Ich habe jetzt aber auch keine bessere Idee - ein sinnvoller Ankerplatz war zu weit entfernt für diesen Wind, wenn man einkalkuliert, dass Ankern vor Lyø auch eher das Gegenteil von Einsamkeit bedeutet. Ich werde rebellisch. Wir sind ein bisschen hintenan - mir mangelt Motivation, außerdem steht die neue Fock nicht gut, weil schon vier der Druckknöpfe kaputt sind. Trotz der schwachen Brise setze ich das Fall kräftig durch, das sieht schon besser aus, und als die die Sache ernster nehme und aktiv den besten Wind suche in finde, holen wir gehörig auf und treffen gleichzeitig mit Pommery vor der Hafeneinfahrt ein.

Drinnen puzzelt sich gerade Lene als zweites Boot in eine ausreichend freie Box. Unsere Chance! Pommery steht im Wind, Erik freut sich noch, wieviel Fahrt sie dabei macht, aber dann bleibt sie stehen und treibt an den Molenkopf. Erik birgt Segel, wir ziehen vorbei. Während Erik noch wriggt, piekst Paula in Lenes Box, unsere Bugspitze an Lenes Heck, zwei Vor- und zwei Achtersprings auf der Heckpfähle. Paula ragt vier Meter aus der Box, aber wir haben einen sicheren Platz mit ebenerdigem Stegzugang über ein befreundetes Boot - und das fühlt sich erheblich besser an, als über Angelboote oder fremde Yachten zu klettern. Später legt sich Lovis noch außen quer an die Pfähle, Thorsten und Henri beutzen Paula und Lene als Ausstieg.

Alle finden irgendeinen Platz, dann bricht die Gruppe auf: Anlegebier bei Anne-Mette.
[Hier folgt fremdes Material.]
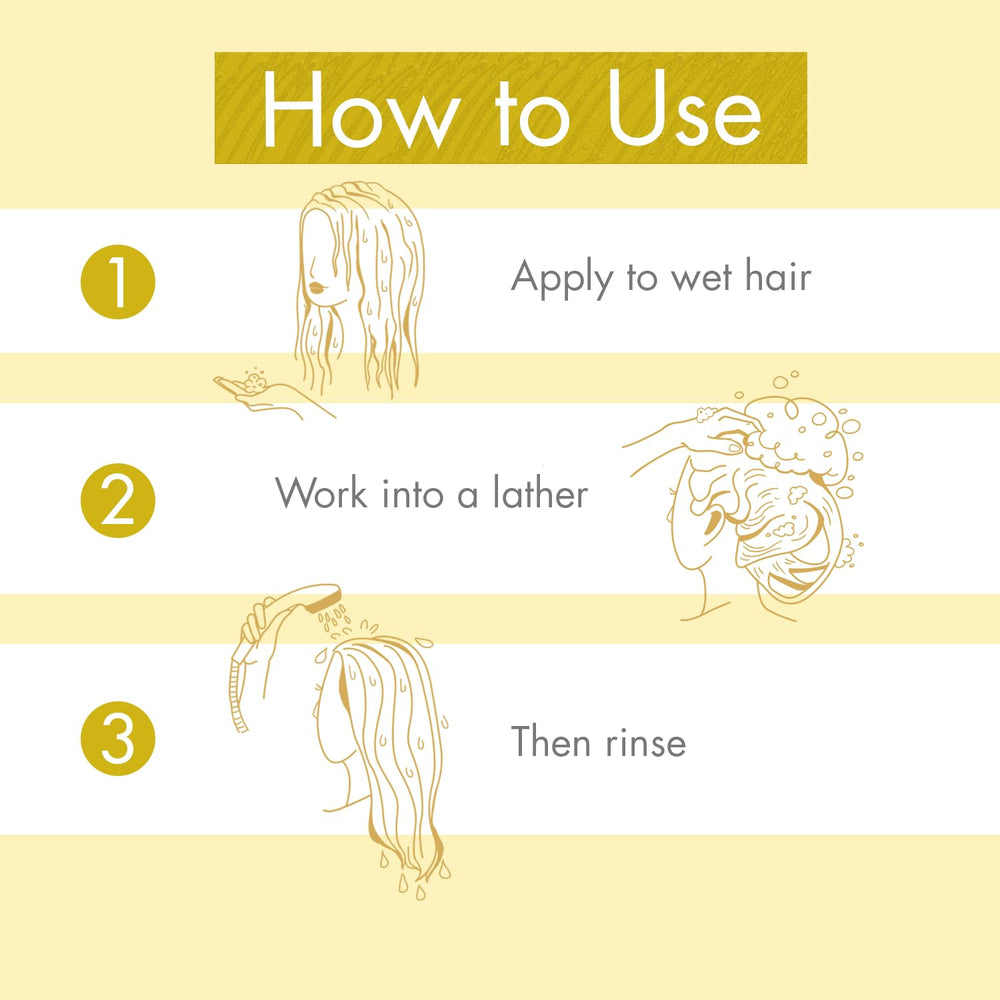 Klorane Brightening Shampoo on blonde hair shows light-reflecting shine.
Anschließend Abendessen bei Anders in der Gamle Skole. Ich bleibe an Bord - das ist ein entscheidender Vorteil, wenn die Gruppe sich über lauter kleine Boote verteilt: Man kann sich nach Lust und Bedürfnissen ins Getümmel stürzen oder komplett separieren. Christian liegt mit Liv draußen vor Anker, obwohl er weiß, dass es im Hafen ein improvisiertes Plätzchen gäbe - auch er kann Geselligkeit nur in wohldosierten Maßen genießen.
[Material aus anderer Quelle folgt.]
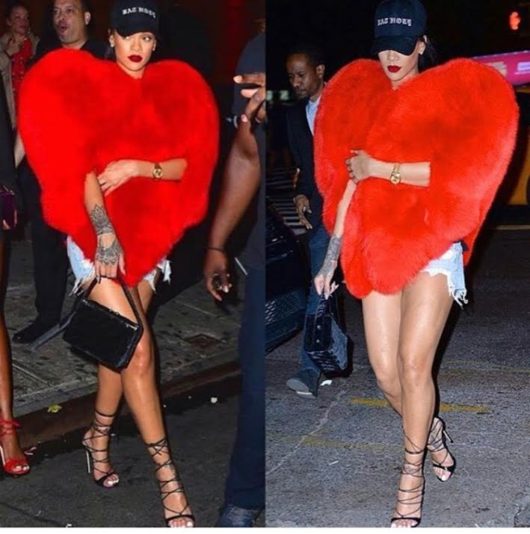 Rihanna-nyc-YSL-red-heart-shaped-fox-fur-cape-1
Für uns wird es Zeit für einen frühen Aufbruch in die Einsamkeit zwischen Strynø, Taasinge und Birkholm. Und anschließend für den nächsten Crewwechsel in Thurø. Dort läuft gerade die dänische Ylva-Meisterschaft. Das sind tolle, schnittige Boote aus den 70er und 80er, 89 wurden gebaut, dreißig davon sind hier. „Det ser hyggeligt ud“, sagt jemand, als er mich im Cockpit tippen sieht.